What the exercise asks: There is a line containing "1/1 Marybeth Crescent, Molendinar QLD 4214" in the entries below. Repeat that line and every line after it exactly, and nothing more.

-- Input data follows --

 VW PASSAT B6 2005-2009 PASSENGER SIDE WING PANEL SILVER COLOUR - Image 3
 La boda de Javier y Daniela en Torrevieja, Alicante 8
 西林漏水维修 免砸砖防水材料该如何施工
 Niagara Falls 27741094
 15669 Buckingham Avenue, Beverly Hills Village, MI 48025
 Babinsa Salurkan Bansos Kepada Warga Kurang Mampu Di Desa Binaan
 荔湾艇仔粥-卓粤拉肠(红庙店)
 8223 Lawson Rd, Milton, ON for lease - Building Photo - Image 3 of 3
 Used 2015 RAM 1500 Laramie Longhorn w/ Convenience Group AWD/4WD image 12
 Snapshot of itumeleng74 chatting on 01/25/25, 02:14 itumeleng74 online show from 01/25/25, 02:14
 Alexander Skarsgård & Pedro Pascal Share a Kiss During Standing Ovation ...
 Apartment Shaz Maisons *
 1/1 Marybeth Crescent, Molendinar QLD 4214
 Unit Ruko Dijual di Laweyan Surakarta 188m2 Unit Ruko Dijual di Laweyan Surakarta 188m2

-- Input data concluded --

Completed exercise:
 1/1 Marybeth Crescent, Molendinar QLD 4214
 Unit Ruko Dijual di Laweyan Surakarta 188m2 Unit Ruko Dijual di Laweyan Surakarta 188m2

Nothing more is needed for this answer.